CHAPITRE PREMIER : Une république née dans le sang

(septembre 1870 à mai 1871)

 

I : De la chute de l’Empire à la proclamation de la troisième république (été 1870)

           

            1° Résumé de la guerre de 1870 sous le second Empire – Le 19 juillet 1870, l’Empereur  Napoléon III[1], poussé par l’opinion publique, les médias et les députés, avait finalement décidé de déclarer la guerre à la Prusse (la fameuse dépêche d’Ems, rédigée par le chancelier allemand Otto von Bismarck, avait mis le feu aux poudres, de nombreux Français étant outrés par la façon dont l’ambassadeur de France en Prusse avait été « éconduit » par le souverain prussien Guillaume I°[2].).

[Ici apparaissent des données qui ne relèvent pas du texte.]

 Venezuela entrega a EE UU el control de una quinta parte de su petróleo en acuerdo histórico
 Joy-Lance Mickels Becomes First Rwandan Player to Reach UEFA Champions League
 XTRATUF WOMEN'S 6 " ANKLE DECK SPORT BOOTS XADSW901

Napoléon III, Otto von Bismarck et Guillaume I°.

 

a) Une France isolée diplomatiquement : en juillet 1870, la France rentrait en guerre sans alliés à ses côtés. Ainsi, Napoléon III fut abandonné  aussi bien par l’Angleterre[3] que par la Russie ; les Etats du sud de l’Allemagne, refusant de rester neutre, participèrent au conflit aux côtés de la Prusse ; l’Autriche, bien que nation ennemie de la Prusse, décida de rester neutre[4] ; enfin, l’Italie accepta de rentrer en guerre aux côtés des Français à condition que ces derniers évacuent Rome[5].

 

b) Une armée prussienne avantagée : la France entrant seule dans le conflit, elle ne pouvait compter que sur ses propres forces face à la Prusse. Toutefois, l’effectif français était bien inférieur à celui de l’ennemi : 900 000 soldats contre 1 200 000 pour Guillaume I°.

 

Toutefois, l’armement des Français n’était pas aussi désastreux que certains historiens ont pu le laisser penser. Ainsi, le fusil Chassepot modèle 1866, doté d’une portée supérieure à un kilomètre, était en outre plus précis que le fusil allemand Dreyse.

Dessin humoristique publié dans Le journal illustré, 1869.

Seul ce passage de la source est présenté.